CUDA register usage

Question

CUDA manual specifies the number of 32-bit registers per multiprocessor. Does it mean that:

1. Double variable takes two registers?

2. Pointer variable takes two registers? - It has to be more than one register on Fermi with 6 GB memory, right?

3. If answer to question 2 is yes, it must be better to use less pointer variables and more int indices.

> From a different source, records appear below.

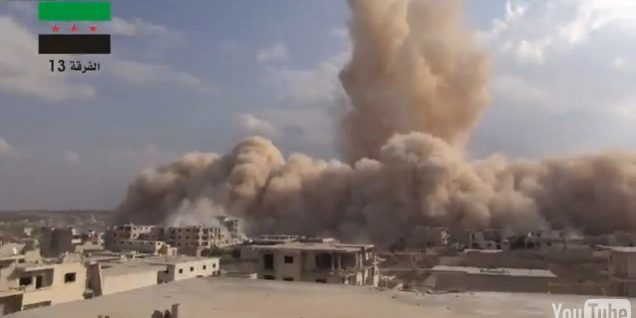 คลิประเบิดเมือง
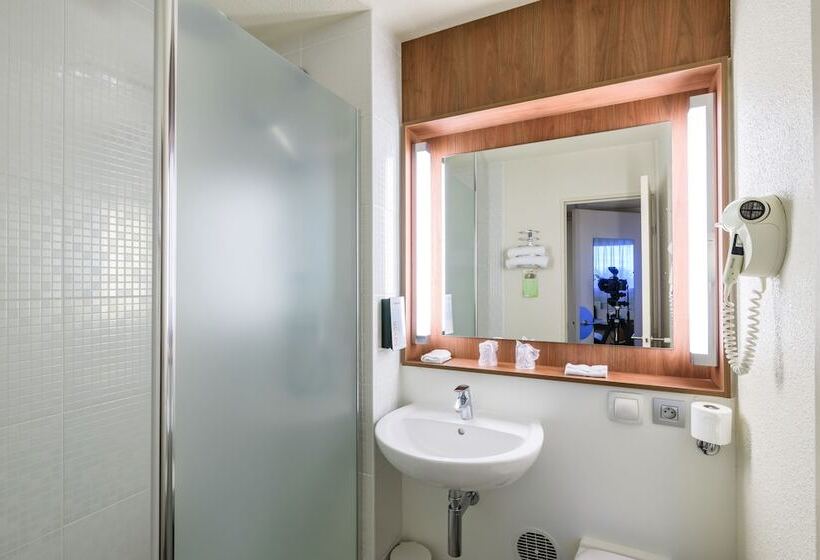 标准间, Campanile Toulouse Purpan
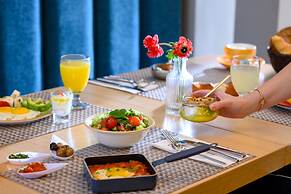 Sadot Hotel Ben Gurion Airport - an Atlas Boutique Hotel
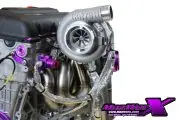 SR20VE RWD Long Block Stage 3 High Response Drift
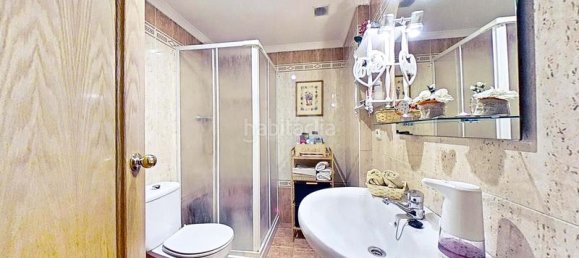 3 غرف نوم شقة في Tarragona, Spain رقم 177575 24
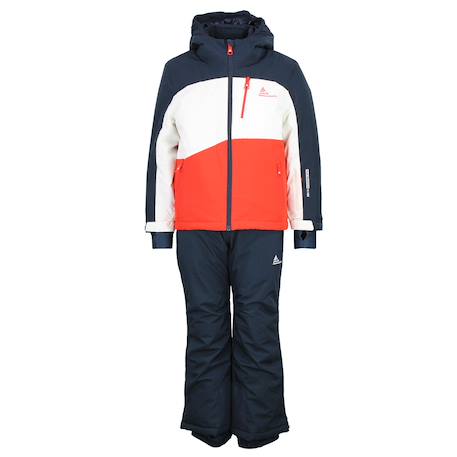 Ensemble de ski ecerome  - vertbaudet enfant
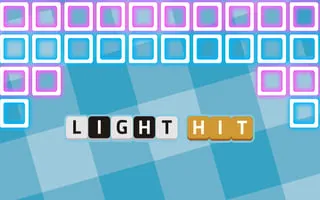 Light Hit - game thumbnail image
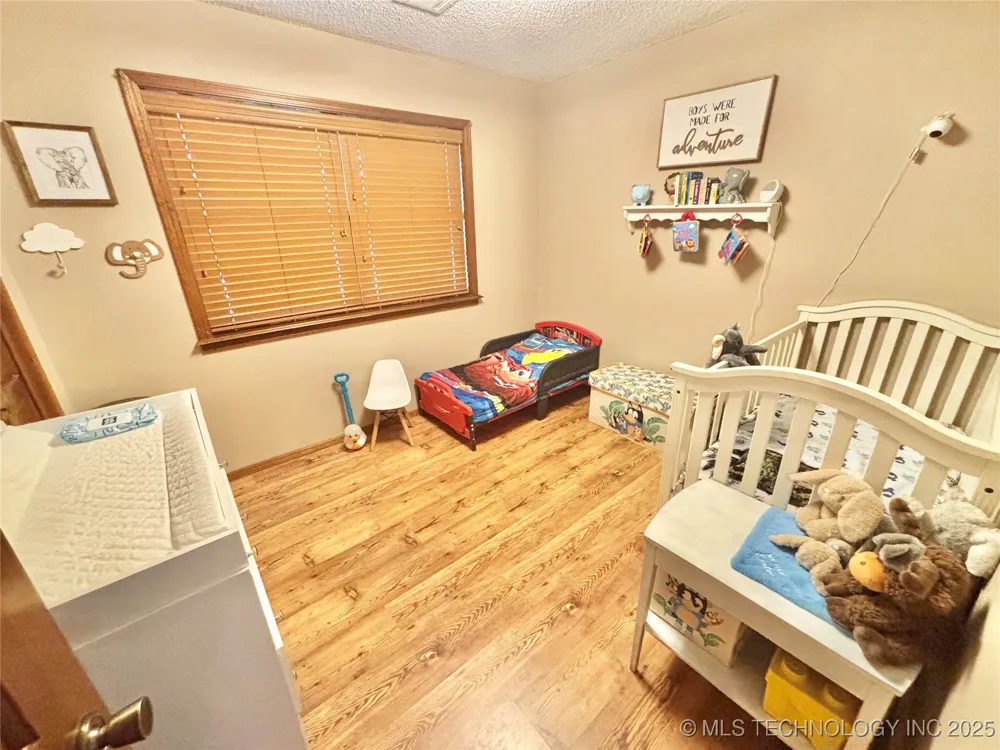 1710 E Old Military Road Stigler, OK 74462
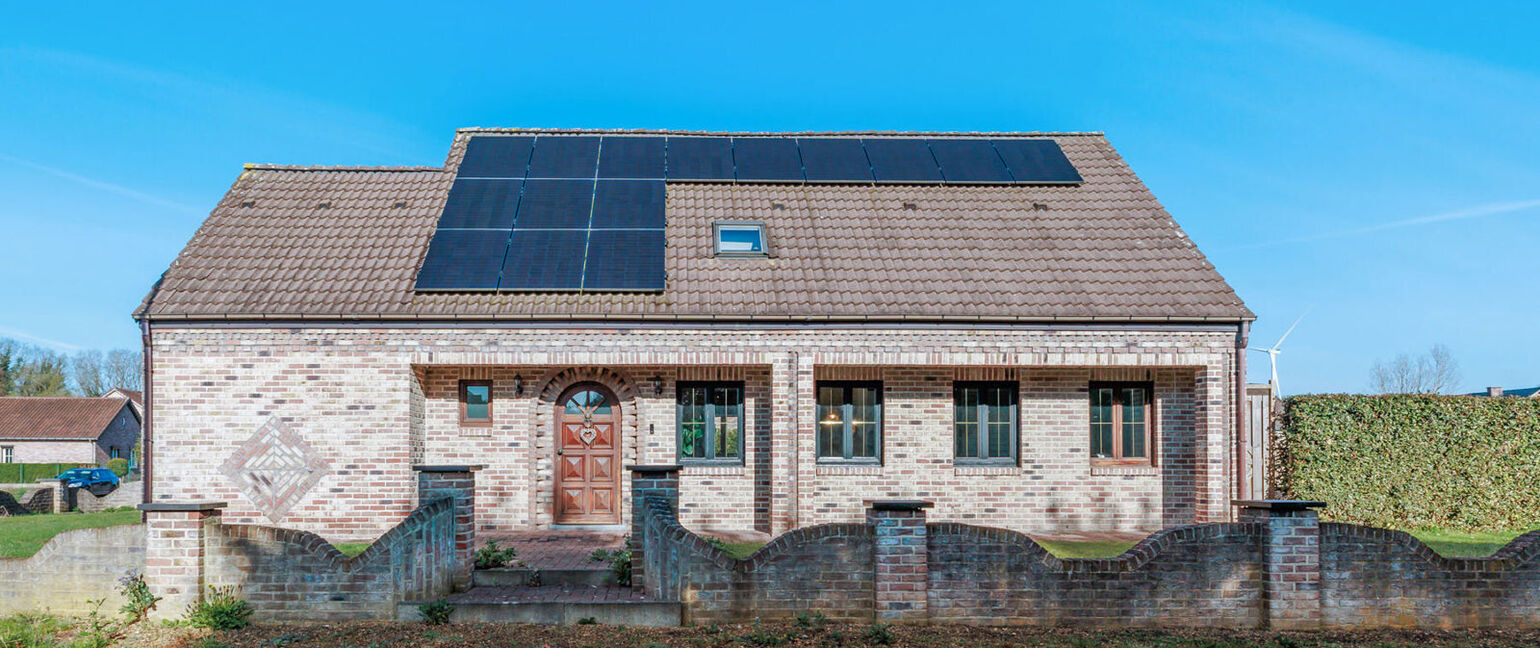 Huis te koop in Dilsen-Stokkem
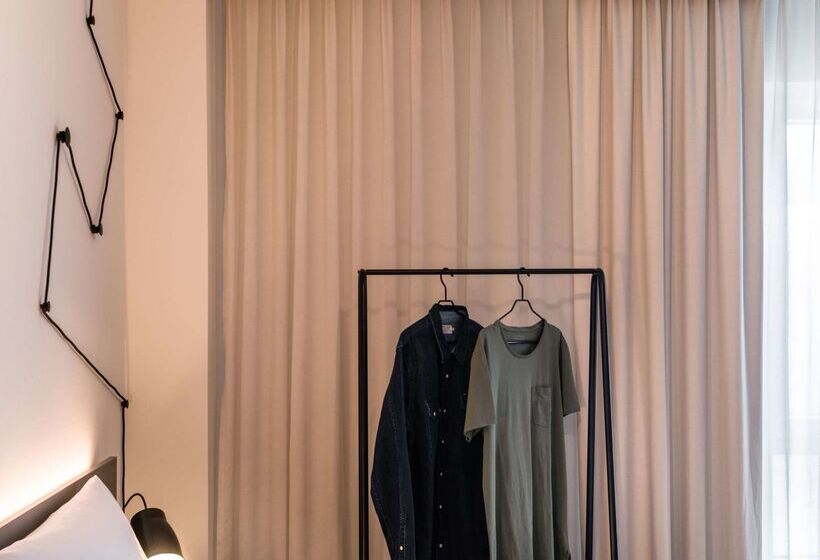 Pentahotel Wiesbaden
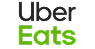 Logo Uber Eats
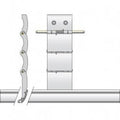 Blocksur 3 Links Slat 14 (1780112)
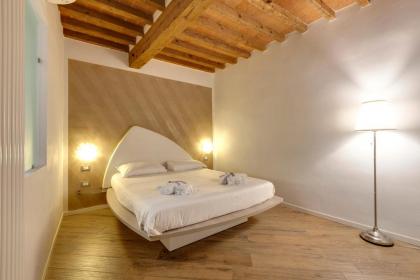 Mamo Florence - Rosa Apartment - image 15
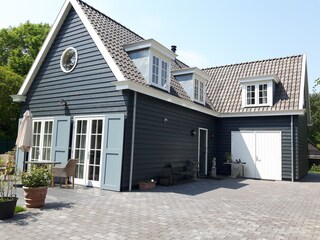 Casa de vacaciones Oostkapelle Grabación al aire libre 6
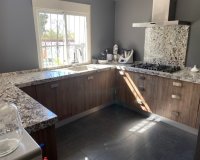 Verkoop - Villa - Ciudad Quesada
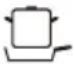 ECG EDF 6056 QWA++ - STARTING THE WASH PROGRAM - 1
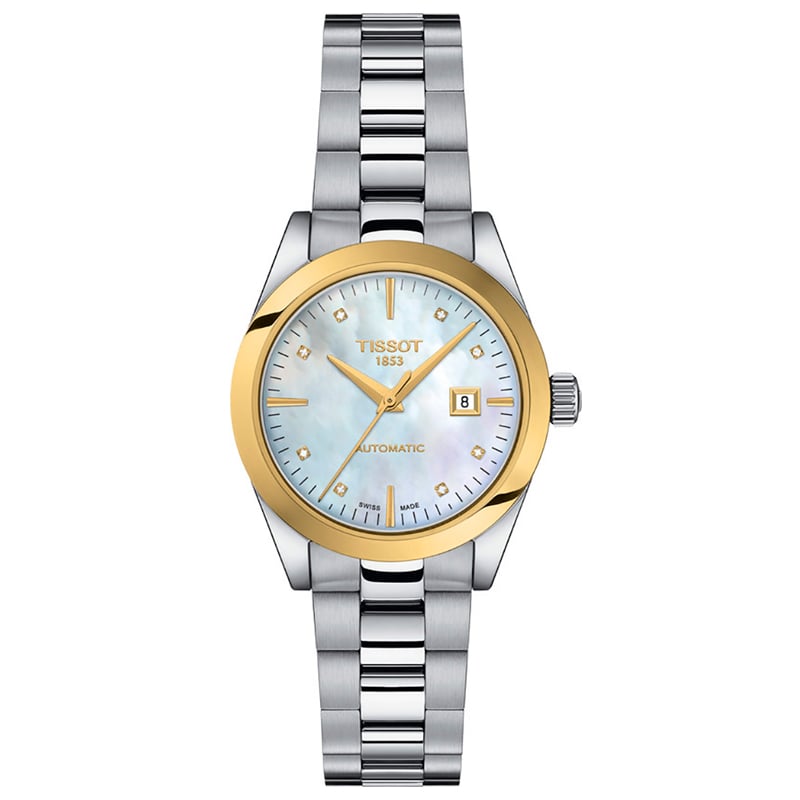 Tissot T Lady Sevilla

   E. g., this kernel code:

   float* p1;               // two regs
   float* p2 = p1 + 1000;   // two regs
   int i;                   // one reg
   for ( i = 0; i < n; i++ )
   {
       CODE THAT USES p1[i] and p2[i]
   }
   

   theoretically requires more registers than this kernel code:

   float* p1;               // two regs
   int i;                   // one reg
   int j;                   // one reg
   for ( i = 0, j = 1000; i < n; i++, j++ )
   {
       CODE THAT USES p1[i] and p1[j]
   }
   

Answer 1

The short answer to your three questions are:

1. Yes.
2. Yes, if the code is compiled for a 64 bit host operating system. Device pointer size always matches host application pointer size in CUDA.
3. No.

To expand on point 3, consider the following two simple memory copy kernels:

__global__
void debunk(float *in, float *out, int n)
{
    int i = n * (threadIdx.x + blockIdx.x*blockDim.x);

    for(int j=0; j<n; j++) {
        out[i+j] = in[i+j];
    }
}

__global__
void debunk2(float *in, float *out, int n)
{
    int i = n * (threadIdx.x + blockIdx.x*blockDim.x);
    float *x = in + i;
    float *y = out + i;

    for(int j=0; j<n; j++, x++, y++) {
        *x = *y;
    }
}

By your reckoning, debunk must use less registers because it has only two local integer variables, whereas debunk2 has two additional pointers. And yet, when I compile them using the CUDA 5 release toolchain:

$ nvcc -m64 -arch=sm_20 -c -Xptxas="-v"  pointer_size.cu 
ptxas info    : 0 bytes gmem
ptxas info    : Compiling entry function '_Z6debunkPfS_i' for 'sm_20'
ptxas info    : Function properties for _Z6debunkPfS_i
    0 bytes stack frame, 0 bytes spill stores, 0 bytes spill loads
ptxas info    : Used 8 registers, 52 bytes cmem[0]
ptxas info    : Compiling entry function '_Z7debunk2PfS_i' for 'sm_20'
ptxas info    : Function properties for _Z7debunk2PfS_i
    0 bytes stack frame, 0 bytes spill stores, 0 bytes spill loads
ptxas info    : Used 8 registers, 52 bytes cmem[0]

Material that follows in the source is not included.